Exercise directions:
An exact copy of the lines of the listing below between the "Quilted jacket sold" line and the "Harlem 6 Light" line, both included, is the whole answer; please omit the pictures.

Listed records:
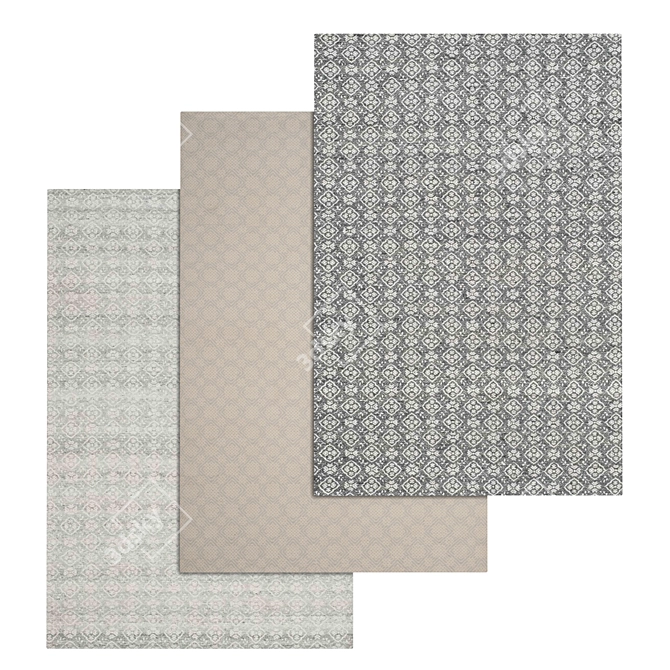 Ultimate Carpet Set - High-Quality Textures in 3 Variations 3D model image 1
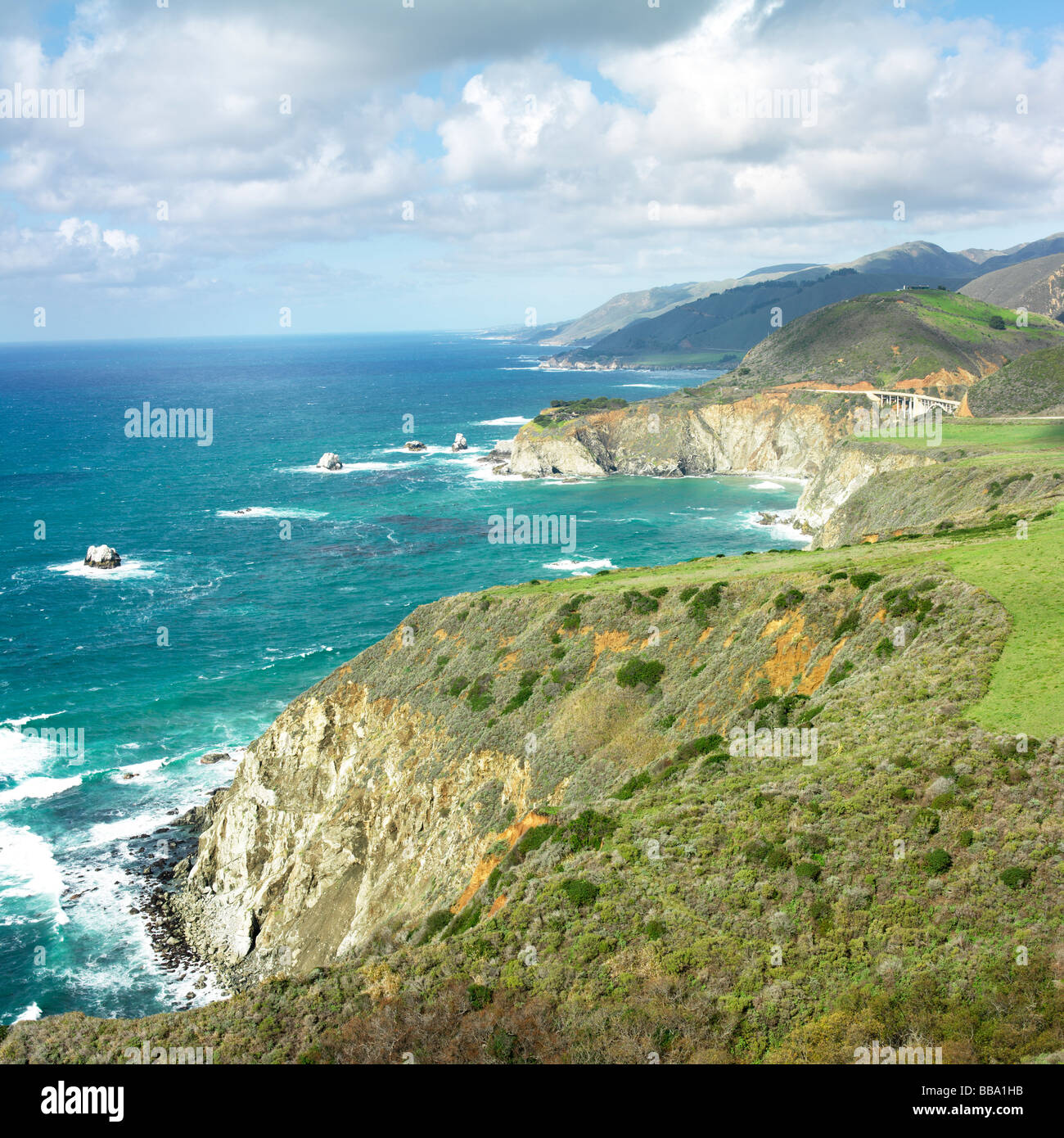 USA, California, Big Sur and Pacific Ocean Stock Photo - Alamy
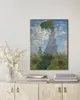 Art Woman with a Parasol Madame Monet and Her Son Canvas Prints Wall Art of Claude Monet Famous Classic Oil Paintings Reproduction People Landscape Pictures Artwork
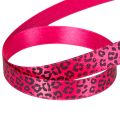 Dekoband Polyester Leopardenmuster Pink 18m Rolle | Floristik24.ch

--

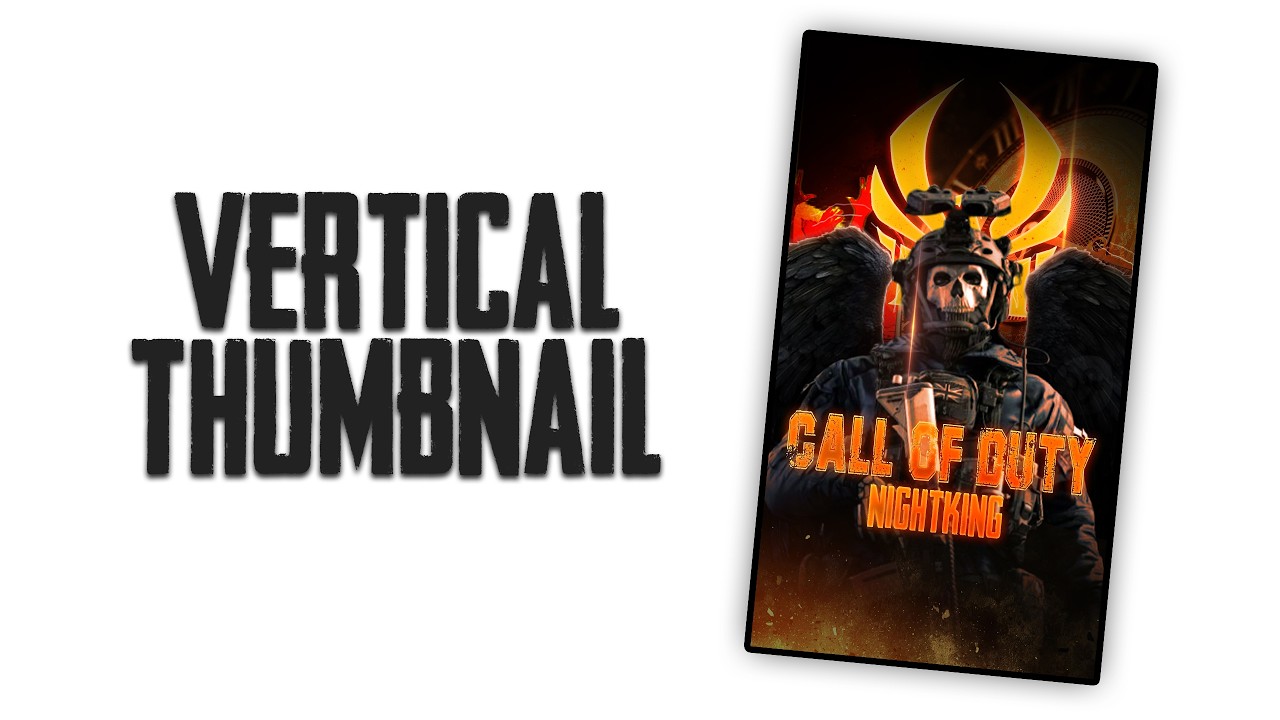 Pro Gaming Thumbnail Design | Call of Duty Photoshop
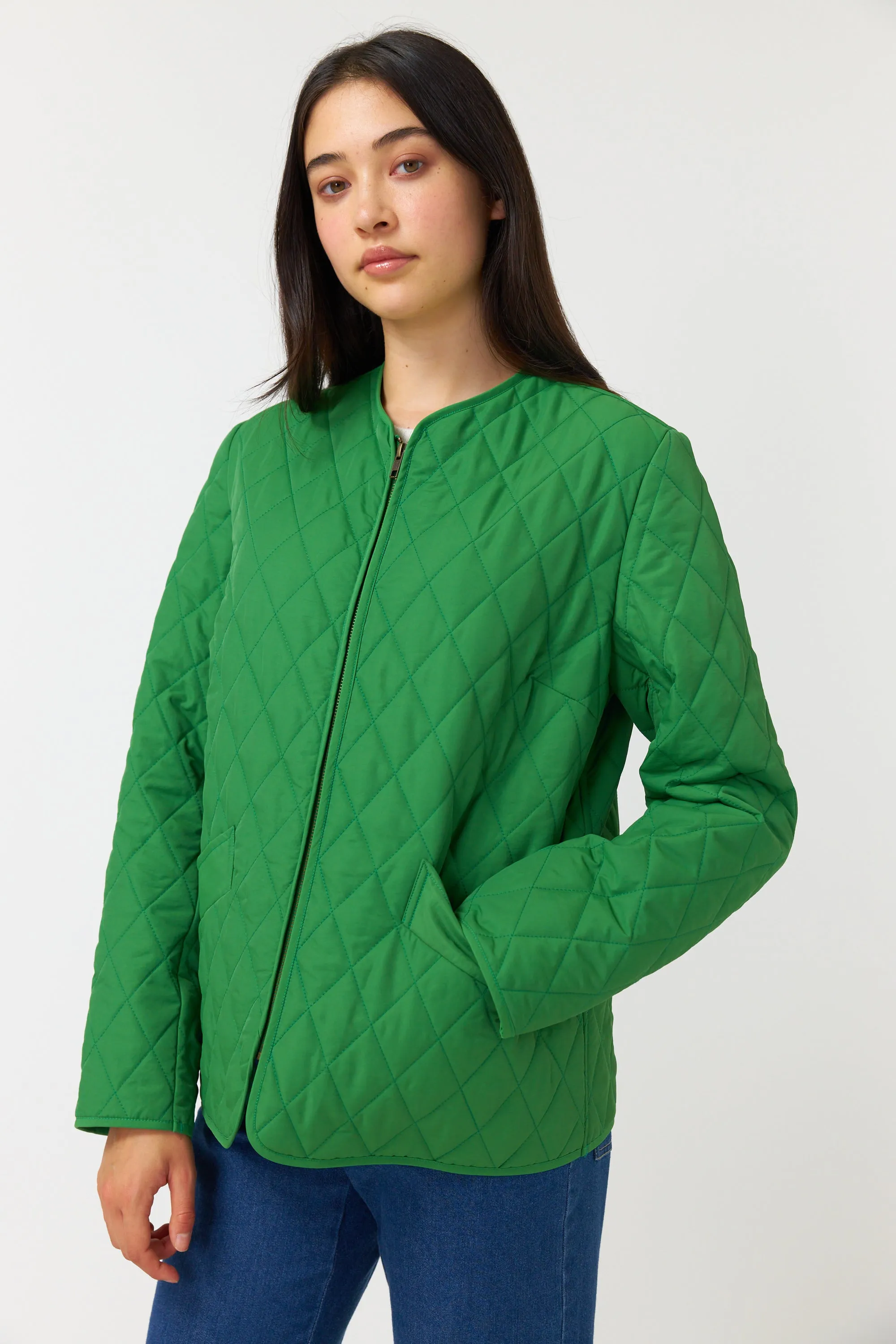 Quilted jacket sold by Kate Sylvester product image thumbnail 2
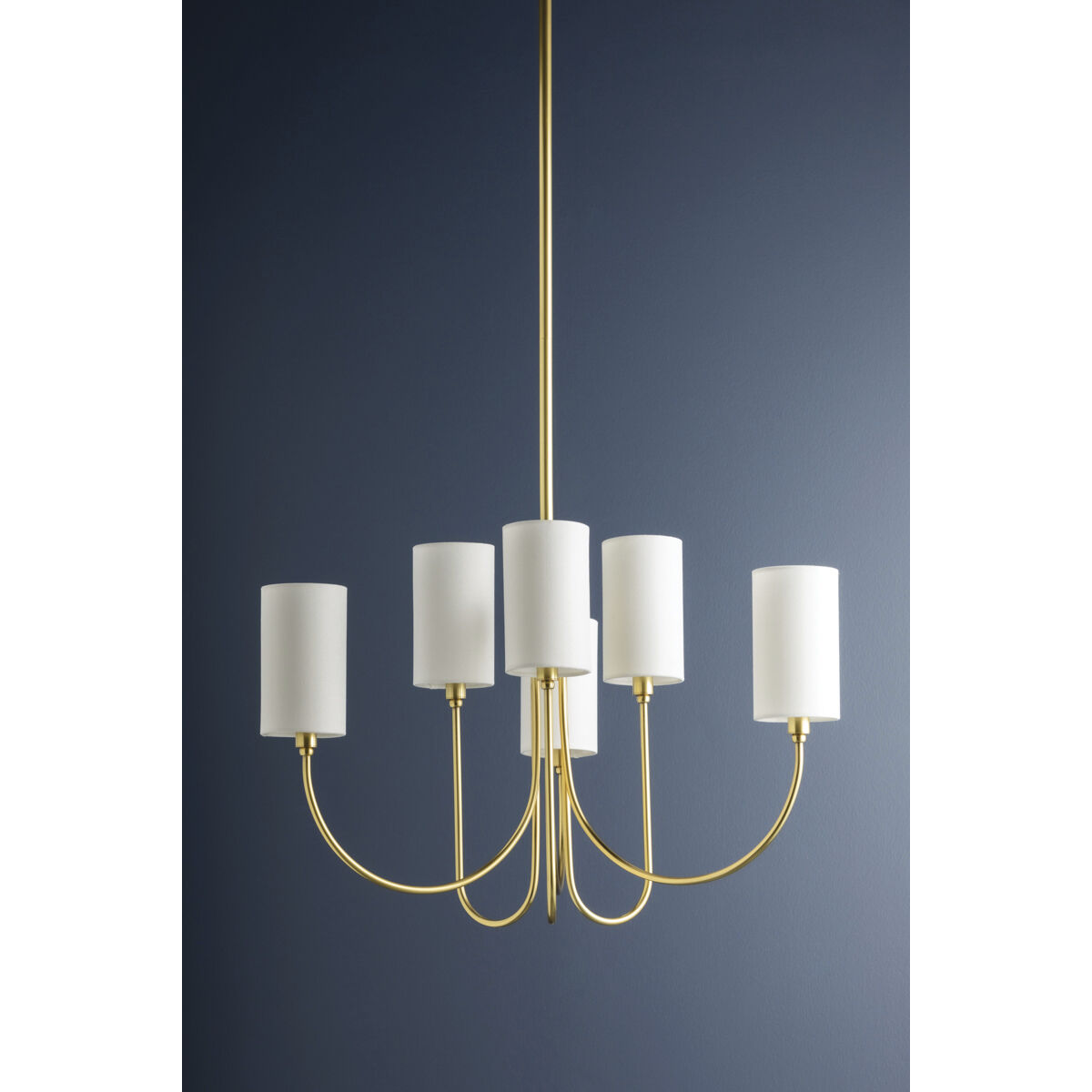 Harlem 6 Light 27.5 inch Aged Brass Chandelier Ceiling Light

* * *

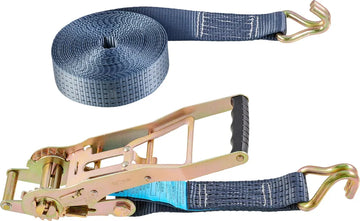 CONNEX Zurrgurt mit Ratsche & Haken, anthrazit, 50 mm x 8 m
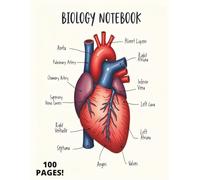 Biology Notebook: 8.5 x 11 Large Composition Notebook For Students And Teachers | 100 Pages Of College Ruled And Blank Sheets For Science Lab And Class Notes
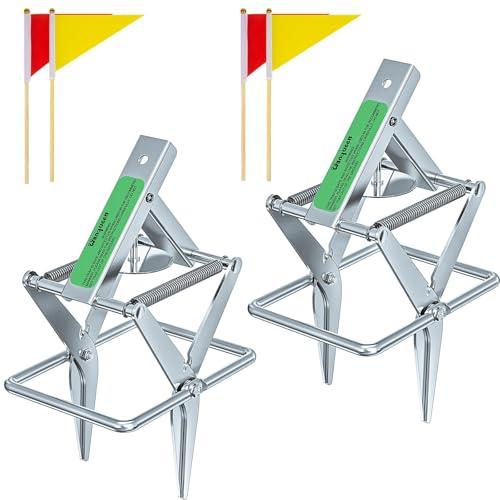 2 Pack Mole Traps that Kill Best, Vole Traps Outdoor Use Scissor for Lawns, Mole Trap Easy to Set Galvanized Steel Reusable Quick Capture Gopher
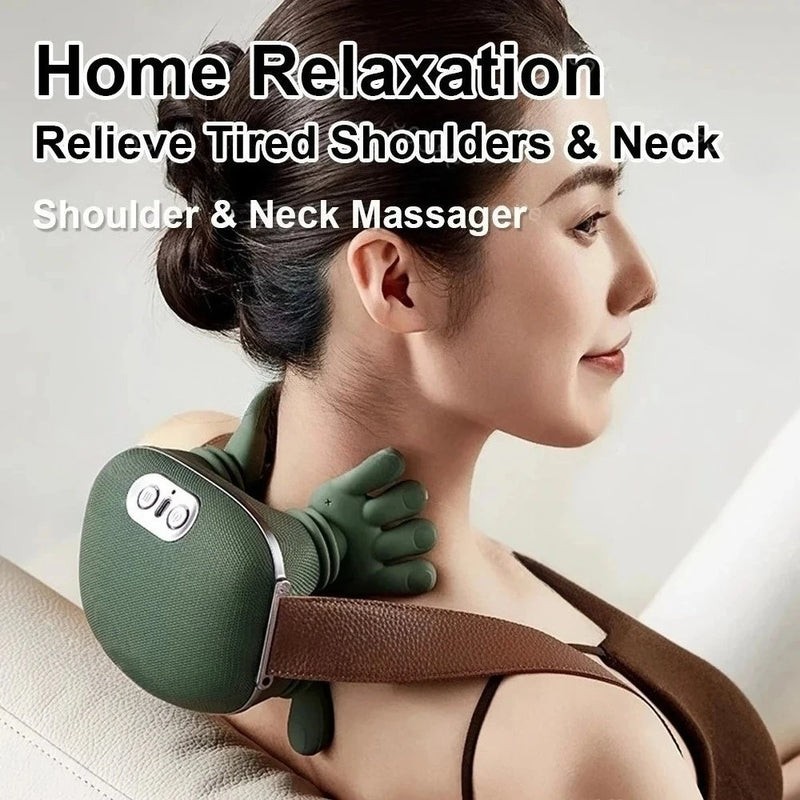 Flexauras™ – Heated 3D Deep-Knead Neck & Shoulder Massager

Reply:
 Quilted jacket sold by Kate Sylvester product image thumbnail 2
 Harlem 6 Light 27.5 inch Aged Brass Chandelier Ceiling Light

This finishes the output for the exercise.